Select Committee on Regulatory Reform Minutes of Evidence


Examination of Witnesses (Questions 40-59)

MR WILLIAM SARGENT AND MR JITINDER KOHLI

29 JANUARY 2008

  Q040.  Judy Mallaber: You see them at a very early stage.

  Mr Sargent: Very early on, when they are just saying, "Here is a list of things that we think might be useful for us to be doing"; so we are seeing them probably within the first few weeks of the ideas beginning to emerge in plans.

  Mr Kohli: To give you an example, sometimes even before the plans have been written we are engaged in that process. I was invited by Dame Deirdre Hutton to speak at an event which the Food Standards Agency held with its stakeholders, to effectively brainstorm ideas of the things on which the Food Standards Agency should focus energy, and a large number of people affected by the FSA's regulations were in the room and that was an event at which BRE staff were present as well as Food Standards Agency staff.

  Q041.  Judy Mallaber: Do you regard it as your job to make suggestions and say, "We are not sure about that" or is your job more to mediate and to make sure that they are talking to the right people?

  Mr Sargent: Across the piece. Jitinder referred to the dispute resolution as an example of one where we more actively did some research and worked with the department on that. One of the things I am particularly encouraged about, if I look at the development of the second year's plans really is that if you think about it we have a situation now where previously people regulated and brought about legislation as an activity that they could perform in and do well in and it would be well regarded. Now we have a significant amount of brainpower in a given year being spent on what can we do to simply, what can we do to clarify, what can we do to improve things, as another line of activity, which the plans are all about.

  Q042.  Chairman: So your message to the external stakeholders is that the drafts are genuine drafts and they are genuinely out there for consultation?

  Mr Sargent: Absolutely. And they do change as they evolve.

  Q043.  Gordon Banks: It is really good to hear about your involvement in the simplification plans at different levels and that they are not just something that are churned out by the department and then you have a reactive role to play, so from my point of view that is very heartening. Do you think that you have a role in training civil servants to draft regulations so that the more pertinent interests of business, especially small businesses, can be taken into account? And if that is not your role whose role is it? I suppose it goes back to the other question I was asking, upside down, if you are trying to get business engaged after the complying stage, how do you get people like me, before I came here, to be engaged at a very, very early consultative stage and to buy in to what you are trying to do so that I take some kind of ownership of this?

  Mr Sargent: I do perceive it as our responsibility in terms of training. It is part of the culture to try and achieve that. Jitinder will give you more details of the specific programmes we do, but the short answer is that I do perceive it as an important part of our role.
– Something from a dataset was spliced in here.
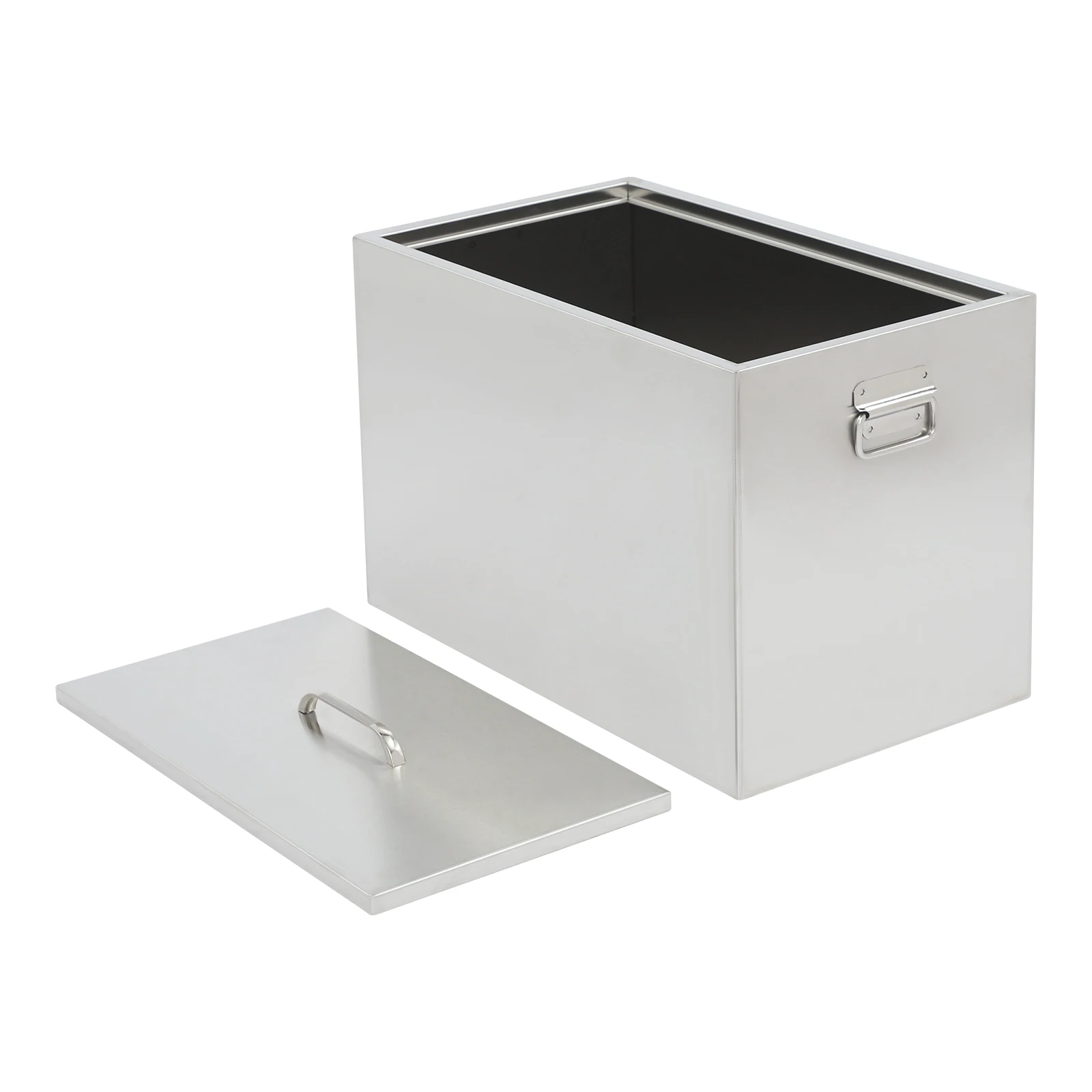 Silver Water Bath Canner, Stove Top Canner Pot,201 Non-magnetic Stainless Steel Large Stock Pot, Flat Bottom Brushed Canner,Boiling Water Canners with 2 Canning Racks
Silver Water Bath Canner, Stove Top Canner Pot,201 Non-magnetic Stainless Steel Large Stock Pot, Flat Bottom Brushed Canner,Boiling Water Canners with 2 Canning Racks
  Mr Kohli: We cannot achieve the kind of culture change that we are talking about across government departments and regulators if we do not work very closely with them to help them to make that journey. Formal training is one route to do that—it is not the only route to do that but it is certainly one. We have put on formal training over the last year or so in two areas—one is around impact assessment and a new impact assessment to help people genuinely work out what the cost and benefits of the new regulations are; and also on how to use a standard cost model which forms a basis of the administrative burden measurement exercise. So on those two areas we have done training. The main training provider for most civil servants is the National School of Government and we work pretty closely with them on ensuring that better regulation schemes are in their training programmes. I have had a couple of meetings with them where we are pushing at an open door and they are very keen to get the message across. The one thing I would add to that is that in the last few weeks we have announced that the bodies that Rick Haythornthwaite chairs, the Better Regulation Commission as was, is to be replaced by a new body called the Risk and Regulation Advisory Council, and one of its jobs is to work with both Ministers and senior civil servants to develop a better understanding of public risk. Certainly one of the things that they will be doing is running workshops to help Ministers and senior civil servants to understand what good and poor practice is, and that is in their terms of reference.

  Q044.  Gordon Banks: It is hard to measure how a regulation or how a piece of legislation that has a certain level of burden on an industry or charities, etcetera is good and acceptable, as opposed to what might have come out of the department if your involvement had not taken place, because you do not know what might have come out of that department so you have nothing to measure it against really. So it is very, very difficult and that is where the feel bit comes into it, when you get back to businesses and people who are faced with these things, that they feel things are better because sometimes you are not in a position to actually measure what might have been because if you do not know you do not know.

  Mr Sargent: One of my personal pet projects—and I did this when I was chairing an advisory body for government as opposed to now operating within government—was the idea that I was very anxious that civil servants spent time in the community they regulated. It was an obsession of mine, so we did a thing called A Week in Business, in which the Department of Trade, as then, and HMRC and various others participated, and I persuaded individuals at the top to require their top civil servants to do that, and what is now in the better business enterprise regulatory forum it is the requirement that people do this week in business. I feel that if you are regulating health that you should be spending a week in it as opposed to just turn up for two hours and walk in and walk out. My own team has an obligation to spend time with people so that we really understand it. For me it is a cultural thing because if you are really busy and just go and hang out with a small business—you go to a newsagent and hang out for a day it feels like a waste of time and so you need the people at the top to say, "It is okay to stand behind the counter for the entire day in a shop." It does not feel like real work and so people need that permission to do that. That is beginning to happen—it is not purely that which we do—and there is definitely a culture that that is happening, 5%, 10%, whatever it is, that it is happening. But people need permission to do things like that.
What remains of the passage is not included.